Special Perfection Rules for Purchase Money Security Interest in Inventory.
In most circumstances, Lessors file a UCC Financing Statement that describes the leased property as collateral and Lessee as debtor. This filing is made in case the underlying transaction is, or is at least is deemed by a court to be, a “lease-intended-as-security” or loan instead of a “true lease.” Making this filing is a fairly simple process with which most Lessors are familiar and Lessor usually does not need to conduct UCC searches, obtain any subordinations from existing lien holders or otherwise worry about prior liens. The ease of this process results from the fact that Lessor can generally obtain a “purchase money security interest” (also called a “pmsi”) in the leased property by filing a financing statement within twenty days of the date Lessee receives possession of the leased property.

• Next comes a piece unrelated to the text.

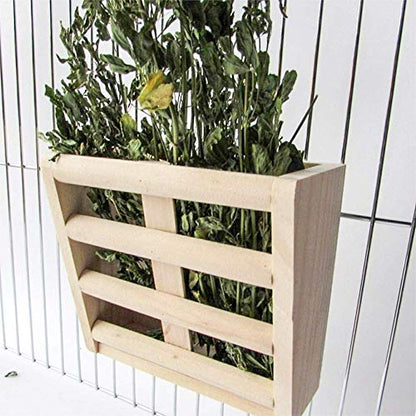 Bunny Hay Rack Guinea Pig Hay Feeder Chinchilla Hay Holder Rabbit Food Dispenser Natural Wooden Hamster Rabbit Cage Accessories (Pack of 2) - size: 5.9"x1.9"x3.2" (Pack of 2)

Of course, there are some situations where it is not possible to obtain a pmsi in this manner and UCC searches and subordinations are therefore sometimes necessary. Consider, for example sale-leasebacks or other circumstances that may result in Lessee having possession of the leased property for more than twenty days before Lessor is ready to consummate the transaction and file a UCC financing statement.

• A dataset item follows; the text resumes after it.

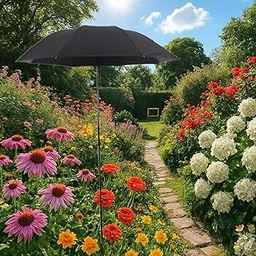 UJEAVETTE Plant Umbrella Upgraded Garden Shade Cover for Flower Pot Vegetables Fishing Black-image-11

It is very important to understand that the purchase money security interest rules in Article 9 of the UCC that apply when the leased goods constitute “Inventory” under Article 9 are much different than when the leased goods constitute “Equipment”. Unlike, the rule which applies to pmsi’s in Equipment and allows a lessor/secured party to file its UCC within twenty days of the date the debtor/lessee receives possession of the leased property, the rule that applies to pmsi’s in
Inventory imposes additional burdens on lessors/secured parties.
Basically, obtaining a pmsi in Inventory requires that: (a) Lessor file its UCC financing statement before Lessee receives possession (i.e. the twenty day grace period does not apply); and (b) Lessor send notices which must be received by holders of conflicting security interests within five years before Lessee receives possession of the leased goods.2 These conditions not only require Lessor to file its financing statement much earlier than normal, they also require Lessor to conduct a UCC Search to learn of conflicting security interests and to send official notices to all holders of such interests.
II. Additional Risks when leased goods are “Inventory”
The general common law rule is that one cannot convey a better title to goods than he had.1 However, three distinct provisions in the UCC reverse this common law rule and address the broad rights that a Lessee can grant to a Sublessee with respect to the leased property. Each of these provisions has the potential of cutting off rights that Lessor would have to recover the leased property from a Sublessee even if the respective Lessee defaulted under the Lease. In all cases, Lessor would still have all contractual rights against Lessee but would not necessarily have full rights in the leased property as collateral.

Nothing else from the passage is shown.